Arsse/README.md
2018-11-07 13:01:46 -05:00

14 KiB

The Advanced RSS Environment

The Arsse is a news aggregator server which implements multiple synchronization protocols, including version 1.2 of NextCloud News' protocol and the Tiny Tiny RSS protocol (details below). Unlike most other aggregator servers, The Arsse does not include a Web front-end (though one is planned as a separate project), and it relies on existing protocols to maximize compatibility with existing clients.
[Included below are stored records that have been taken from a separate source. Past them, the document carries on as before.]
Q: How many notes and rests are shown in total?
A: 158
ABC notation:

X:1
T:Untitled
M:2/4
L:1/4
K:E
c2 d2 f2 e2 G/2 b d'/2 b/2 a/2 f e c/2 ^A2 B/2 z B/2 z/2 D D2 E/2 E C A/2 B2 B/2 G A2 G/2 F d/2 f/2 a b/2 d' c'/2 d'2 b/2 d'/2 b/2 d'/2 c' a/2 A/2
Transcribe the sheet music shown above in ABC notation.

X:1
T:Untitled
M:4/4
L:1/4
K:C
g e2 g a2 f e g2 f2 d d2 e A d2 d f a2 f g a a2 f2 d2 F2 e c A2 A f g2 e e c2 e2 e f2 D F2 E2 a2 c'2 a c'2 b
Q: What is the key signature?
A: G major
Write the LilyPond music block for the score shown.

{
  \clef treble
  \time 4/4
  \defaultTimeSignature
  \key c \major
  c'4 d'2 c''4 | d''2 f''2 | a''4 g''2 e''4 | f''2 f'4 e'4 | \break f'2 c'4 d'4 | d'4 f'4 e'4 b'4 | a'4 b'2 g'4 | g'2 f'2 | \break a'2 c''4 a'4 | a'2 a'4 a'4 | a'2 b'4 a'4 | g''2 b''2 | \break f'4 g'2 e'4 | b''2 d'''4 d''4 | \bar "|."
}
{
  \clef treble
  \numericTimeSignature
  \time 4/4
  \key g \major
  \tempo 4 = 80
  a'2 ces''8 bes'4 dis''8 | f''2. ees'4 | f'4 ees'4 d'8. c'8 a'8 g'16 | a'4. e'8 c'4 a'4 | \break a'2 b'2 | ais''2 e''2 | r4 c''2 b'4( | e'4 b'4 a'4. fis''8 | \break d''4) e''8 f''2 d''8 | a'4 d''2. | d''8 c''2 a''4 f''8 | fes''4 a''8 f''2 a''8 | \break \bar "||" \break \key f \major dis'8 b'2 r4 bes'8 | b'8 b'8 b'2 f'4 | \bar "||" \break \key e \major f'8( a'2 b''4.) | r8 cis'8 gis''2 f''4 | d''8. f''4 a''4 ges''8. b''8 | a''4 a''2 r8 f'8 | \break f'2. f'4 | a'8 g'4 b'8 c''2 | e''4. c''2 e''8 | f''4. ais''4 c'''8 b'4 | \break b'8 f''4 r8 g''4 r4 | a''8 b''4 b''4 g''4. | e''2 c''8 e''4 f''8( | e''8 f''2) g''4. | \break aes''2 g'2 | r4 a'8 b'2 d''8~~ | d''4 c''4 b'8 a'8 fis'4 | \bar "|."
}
At present the software should be considered in an "alpha" state: though its core subsystems are covered by unit tests and should be free of major bugs, not everything has been rigorously tested. Additionally, many features one would expect from other similar software have yet to be implemented. Areas of future work include:

  • Support for more database engines (PostgreSQL, MySQL, MariaDB)
  • Providing more sync protocols (Google Reader, Fever, others)
  • Better packaging and configuration samples

Requirements

The Arsse has the following requirements:

  • A Linux server utilizing systemd and Nginx (tested on Ubuntu 16.04)
  • PHP 7.0.7 or later with the following extensions:
  • Privileges to create and run daemon processes on the server

Installation

At present, installation of The Arsse is rather manual. We hope to improve this in the future, but for now the steps below should help get you started. The instructions and configuration samples assume you will be using Ubuntu 16.04 (or equivalent Debian) and Nginx; we hope to expand official support for different configurations in the future as well.

Initial setup

  1. Extract the tar archive to /usr/share
  2. If desired, create /usr/share/arsse/config.php using config.defaults.php as a guide. The file you create only needs to contain non-default settings. The userPreAuth setting may be of particular interest
  3. Copy /usr/share/arsse/dist/arsse.service to /lib/systemd/system
  4. In a terminal, execute the following to start the feed fetching service:
sudo systemctl enable arsse
sudo systemctl start arsse

Configuring the Web server and PHP

Sample configuration parameters for Nginx can be found in arsse/dist/nginx.conf and arsse/dist/nginx-fcgi.conf; the samples assume a server group has already been defined for PHP. How to configure an Nginx service to use PHP and install the required PHP extensions is beyond the scope of this document, however.

Adding users

The Arsse includes a user add <username> [<password>] console command to add users to the database; for example running php arsse.php user add admin password will add the user admin with the password pasword to the database. Other commands for managing users are also available.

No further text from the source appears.